Problems 1, 2, & 3 give us a unique insight into the ontological defence of meme theory. According to Daniel Dennett “well words exist don’t they“. But one must ask, in what sense do words in fact exist. When I tell my father in Law’s dog off for growling I don’t assume that the dog understands the words but I do know that the dog recognizes the tone of my voice and body posture. I don’t assume that words have quite the universality that is implicit in Dennett’s rhetorical question. Wittgenstein similarly said that if lions could talk it would be meaningless to talk to them. Words, as far as I am concerned exist in much the same way that George Berkeley would have them exist, that is only in so far as they are recognised and understood by human minds.

Well, what about ideas, I believe that ideas exist within the world of human minds in quite the same sense that words do, but I am far less certain about how they are composed. Well then memes ought to as well, right? That is the ontological stance of memeticists. The problem is it’s unclear that memes are anything like words or ideas, it’s also very clear that words and ideas are not the same kinds of thing as each other. Furthermore if memes were anything like words or ideas one would have to ask if we need them, that is ‘would they add anything useful to our understanding of the world or just further complicate it?

Words are a vehicle for ideas in the social sphere but memes (other than the whole of our psychology) don’t seem to have a vehicle, properties or significant relevance. What is more memes require a massive commitment to the existence of entities that we cannot know share enough properties in common to allow us to say anything consistent about them, let alone give them any status in reality.

What in effect problems 1, 2, & 3 tell us is that the idea of memes (for those of you logically inclined NB the asymmetry now between ideas and memes)  is not only internally incoherent but inconsistent with what we do know and can say. They are not a fortiori given but, they are clearly are a posteriori not empirical. That is they are not given to any empirical proof (especially if we can say they are present in any psychological phenomena). In reality they can’t even be ostensibly defined.

But, it is from their precise lack of definition that they do derive some practical value, that is that until they are completely eliminated or a better argument framed, they provide excellent place holders for another theory; that is what makes them such good memes. That said it’s also worth noting that we have both an idea and a word for a chimera, but we’ve never found evidence for one other than their depiction in earlier cultures and that is why it is only their idea and the objects used to represent them that can truly be said to exist.

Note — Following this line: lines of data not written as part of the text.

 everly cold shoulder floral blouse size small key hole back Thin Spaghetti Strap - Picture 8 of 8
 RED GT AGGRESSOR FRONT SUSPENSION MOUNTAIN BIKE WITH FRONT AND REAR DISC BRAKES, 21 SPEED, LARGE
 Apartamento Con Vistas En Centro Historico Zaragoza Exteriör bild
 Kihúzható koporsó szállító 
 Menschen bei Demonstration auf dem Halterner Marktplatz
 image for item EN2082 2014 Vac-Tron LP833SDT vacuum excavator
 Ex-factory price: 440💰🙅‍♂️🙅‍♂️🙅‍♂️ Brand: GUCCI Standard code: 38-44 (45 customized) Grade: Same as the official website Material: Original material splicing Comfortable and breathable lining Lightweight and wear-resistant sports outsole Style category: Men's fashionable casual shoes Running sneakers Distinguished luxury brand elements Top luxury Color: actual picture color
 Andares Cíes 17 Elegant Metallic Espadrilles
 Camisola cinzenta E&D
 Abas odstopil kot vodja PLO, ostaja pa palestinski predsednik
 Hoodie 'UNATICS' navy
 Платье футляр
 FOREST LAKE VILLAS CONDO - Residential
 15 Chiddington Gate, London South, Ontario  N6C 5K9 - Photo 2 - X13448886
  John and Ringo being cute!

This allows us to come back to the classes we framed earlier: x & y (those that exist and don’t). We can say that that class y exists in our language and that the ideas belonging to y exist (as does the idea and the word meme), this much we can say without any complication. This fact also places the class of y into the class of all things x. But from this we also know that they don’t have objects to which they can refer. The class properly speaking therefore not only belongs to x, it is a sub-sub-class of x. Although the members of y themselves  don’t exist, y is in effect a class of ideas which do exist. A better way of expressing this would be to say that there are class of terms whose ideas exist but fail to refer to anything in the world.